Criteria (Weight)	containerd	CRI-O	Docker Engine	Podman
K8s compatibility (25%)	Native CRI, default in EKS/GKE/AKS	Native CRI, OpenShift default	Requires cri-dockerd shim since K8s 1.24	Not a K8s runtime (dev only)
Resource overhead (20%)	Low (~50MB RSS)	Lowest (~30MB RSS)	High (~150MB RSS, dockerd + containerd)	N/A (daemonless)
Developer experience (15%)	No built-in CLI (use ctr/nerdctl)	Minimal tooling	Excellent (docker CLI, Compose, Desktop)	Docker CLI-compatible, rootless by default
Image build support (15%)	Via BuildKit (nerdctl build)	Delegates to Buildah	Native (docker build)	Via Buildah (podman build)
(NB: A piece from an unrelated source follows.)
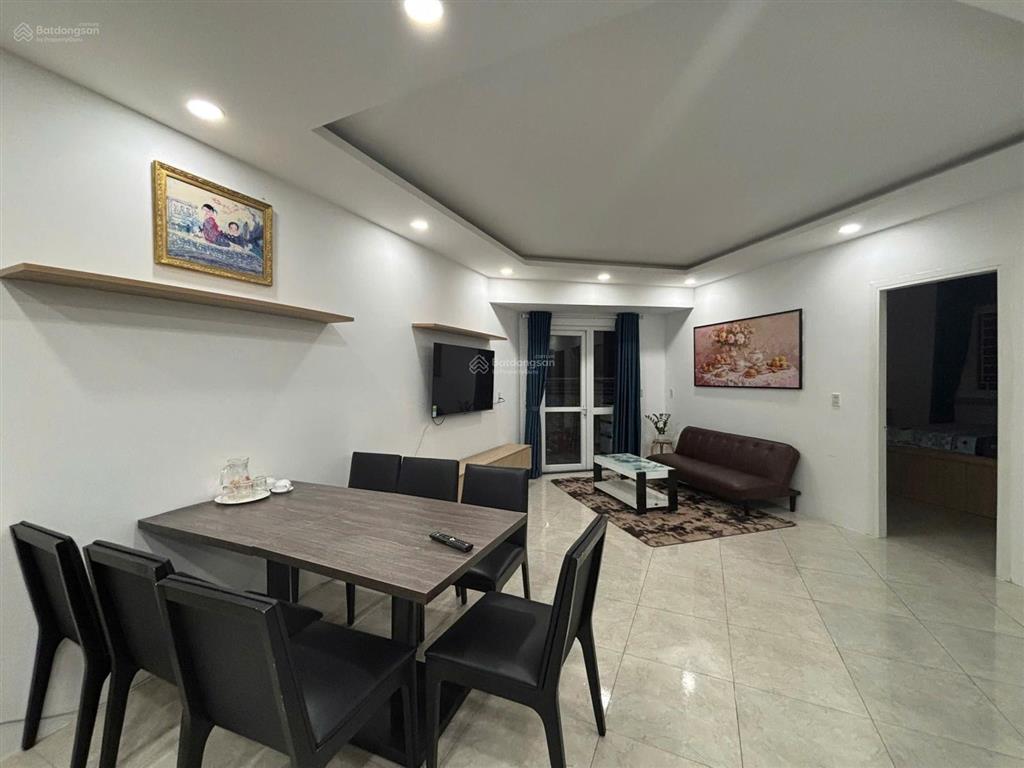 Cho thuê căn hộ góc  2 phòng ngủ 2 wc, mường thanh 04 trần phú nha trang, view biển, hd từ 3 tháng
Security posture (15%)	Good; rootless support available	Good; minimal attack surface	Root daemon required by default	Excellent; daemonless, rootless-native
Community/ecosystem (10%)	CNCF graduated, broad adoption	Smaller community, Red Hat-driven	Largest ecosystem, declining in K8s context	Growing, RHEL/Fedora default

Decision guidance: For production Kubernetes, pick containerd. It ships with EKS, GKE, and AKS, which means the most documentation and the fewest surprises. Pick CRI-O for OpenShift environments or when minimizing runtime attack surface is a hard security requirement. Keep Docker Desktop on developer workstations. Nothing else matches its local development experience, and fighting that just creates friction. Use Podman in CI pipelines that need rootless builds or where security policy prohibits running a Docker daemon. Docker Engine for Kubernetes clusters is a legacy choice at this point. The dockershim removal in K8s 1.24 made that clear.